INSTRUCTIONS TO FOLLOW. Could you restate word for word only the lines below from the one holding "Picture 8 of 15" to the one holding "Friboo Niños BASIC", inclusive, and leave out the pictures?

[PROVIDED ENTRIES Boundary: Start]

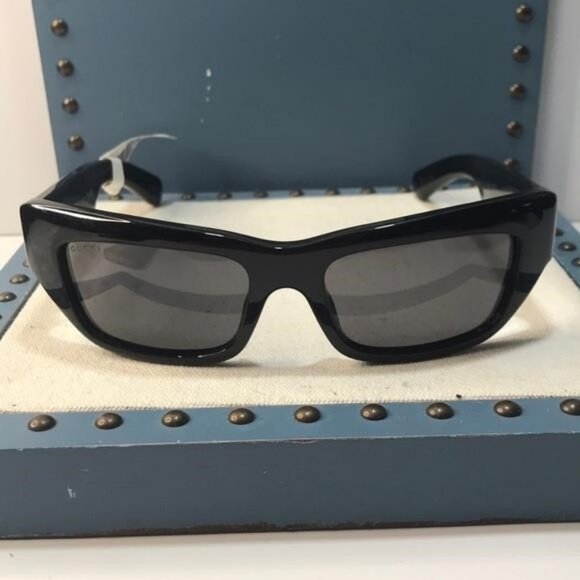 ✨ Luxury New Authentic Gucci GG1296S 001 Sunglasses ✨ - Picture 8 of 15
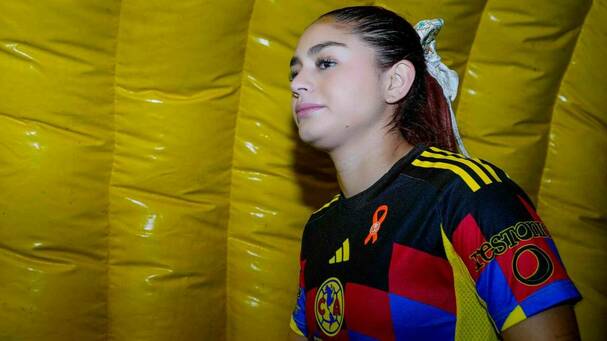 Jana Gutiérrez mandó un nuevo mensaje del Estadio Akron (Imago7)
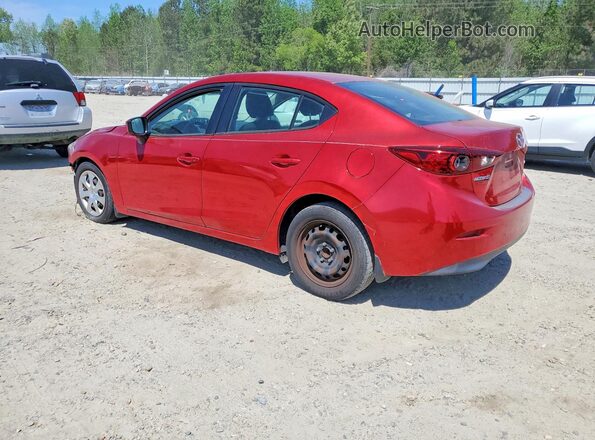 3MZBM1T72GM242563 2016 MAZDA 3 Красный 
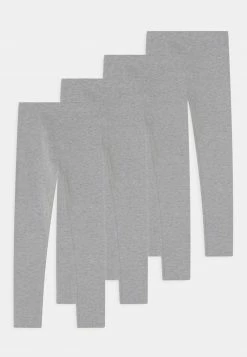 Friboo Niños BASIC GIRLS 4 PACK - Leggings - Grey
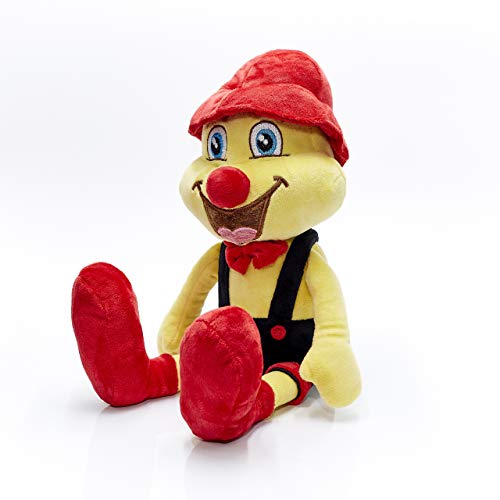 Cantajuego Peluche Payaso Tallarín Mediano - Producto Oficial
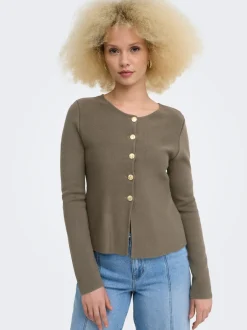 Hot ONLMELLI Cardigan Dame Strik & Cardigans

[PROVIDED ENTRIES Boundary: End]
[PROVIDED ENTRIES Boundary: Start]

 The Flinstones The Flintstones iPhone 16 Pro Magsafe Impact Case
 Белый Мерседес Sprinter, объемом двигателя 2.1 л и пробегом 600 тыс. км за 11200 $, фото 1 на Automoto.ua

[PROVIDED ENTRIES Boundary: End]
[PROVIDED ENTRIES Boundary: Start]

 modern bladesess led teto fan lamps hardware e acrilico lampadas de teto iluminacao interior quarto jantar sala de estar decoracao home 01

[PROVIDED ENTRIES Boundary: End]

RESULT.
 ✨ Luxury New Authentic Gucci GG1296S 001 Sunglasses ✨ - Picture 8 of 15
 Jana Gutiérrez mandó un nuevo mensaje del Estadio Akron (Imago7)
 3MZBM1T72GM242563 2016 MAZDA 3 Красный 
 Friboo Niños BASIC GIRLS 4 PACK - Leggings - Grey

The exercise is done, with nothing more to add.